Transcribe everything in the listing below exactly, except the pictures.
START RAW DATA
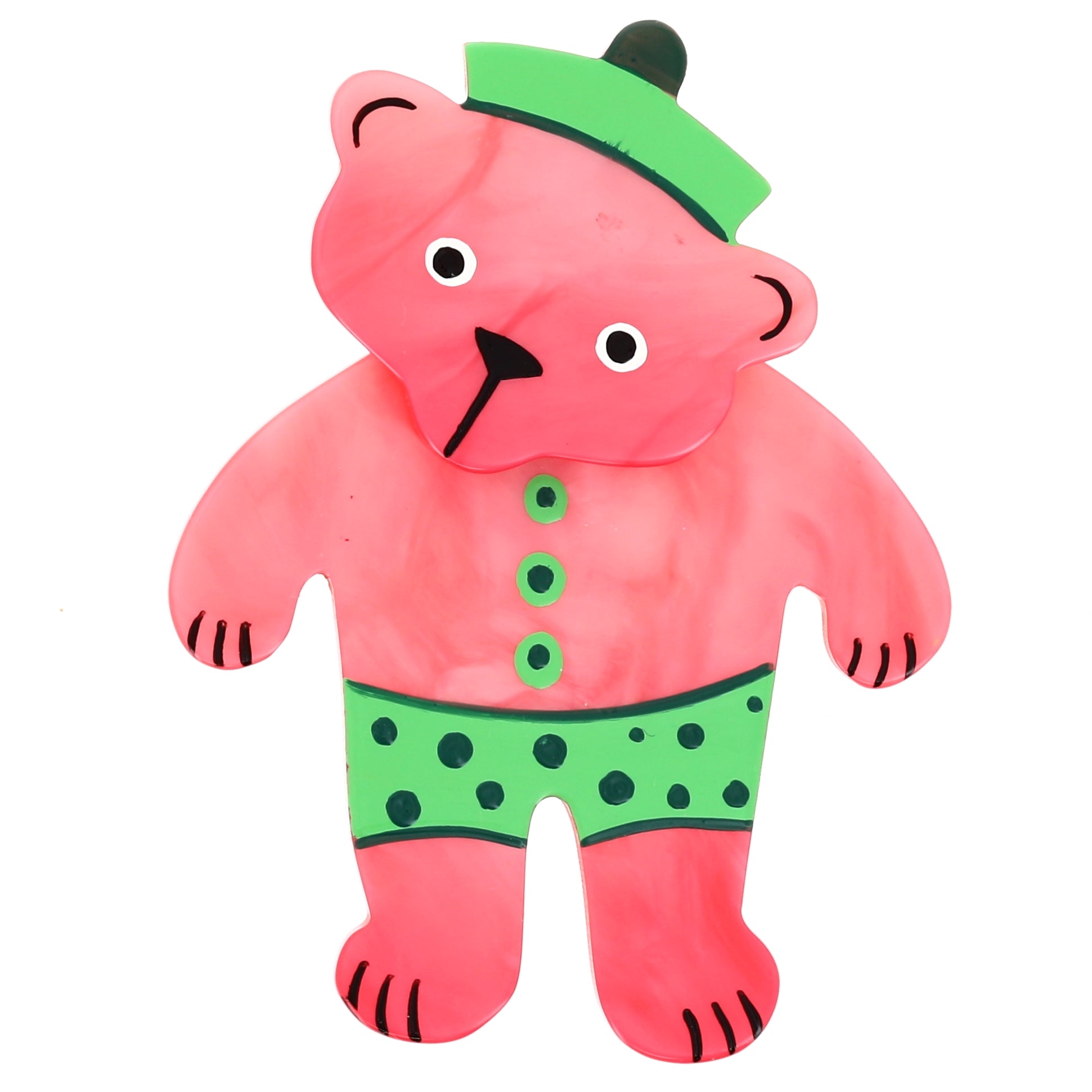 Pink-Pistachio Teddy Bear Brooch in galalith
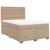 Produktbild 2 för Ramsäng med bäddmadrass cappuccino 140x190 cm konstläder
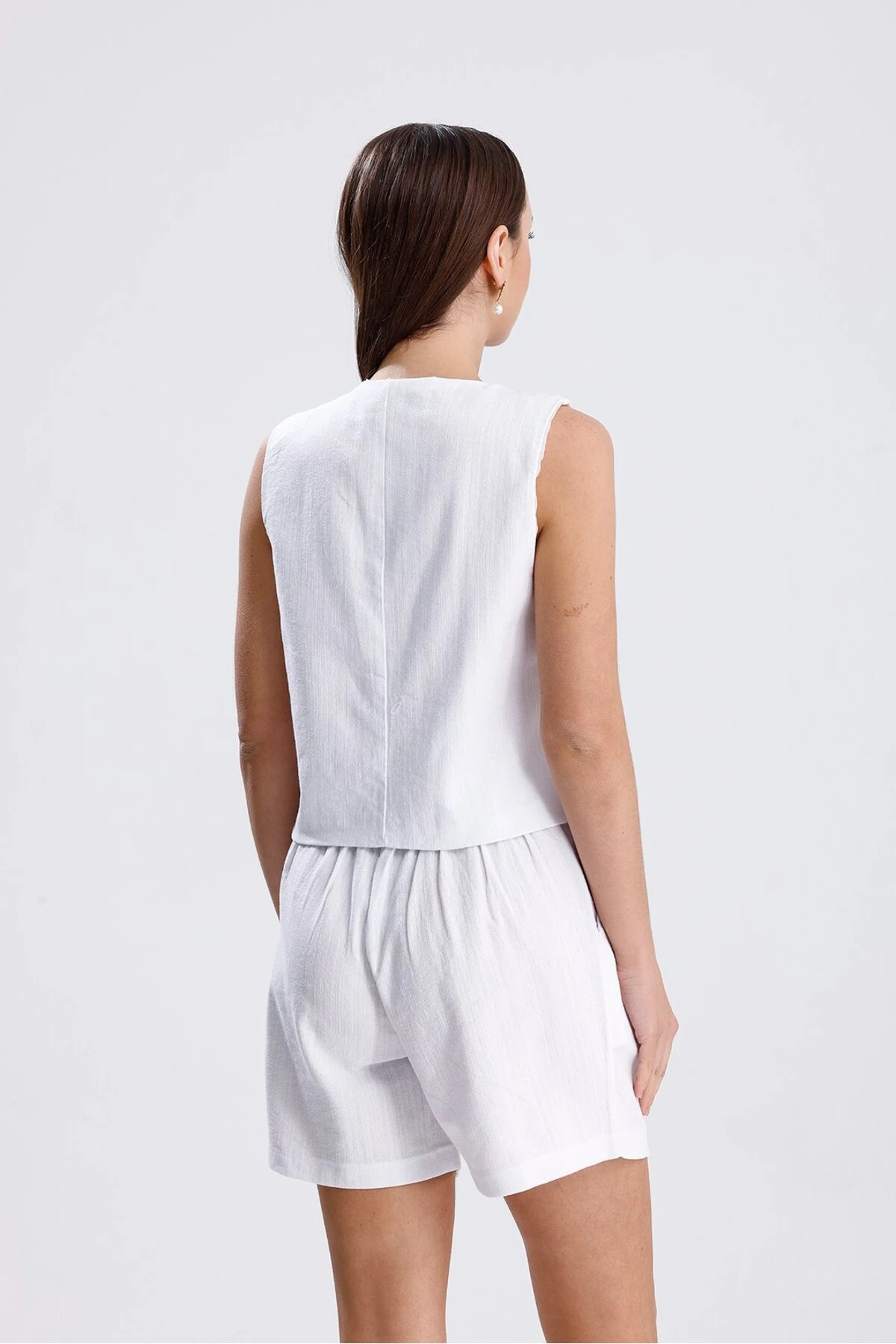 Keten Şortlu Takım - Beyaz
END RAW DATA
● **THE ANSWER**:
 Pink-Pistachio Teddy Bear Brooch in galalith
 Produktbild 2 för Ramsäng med bäddmadrass cappuccino 140x190 cm konstläder
 Keten Şortlu Takım - Beyaz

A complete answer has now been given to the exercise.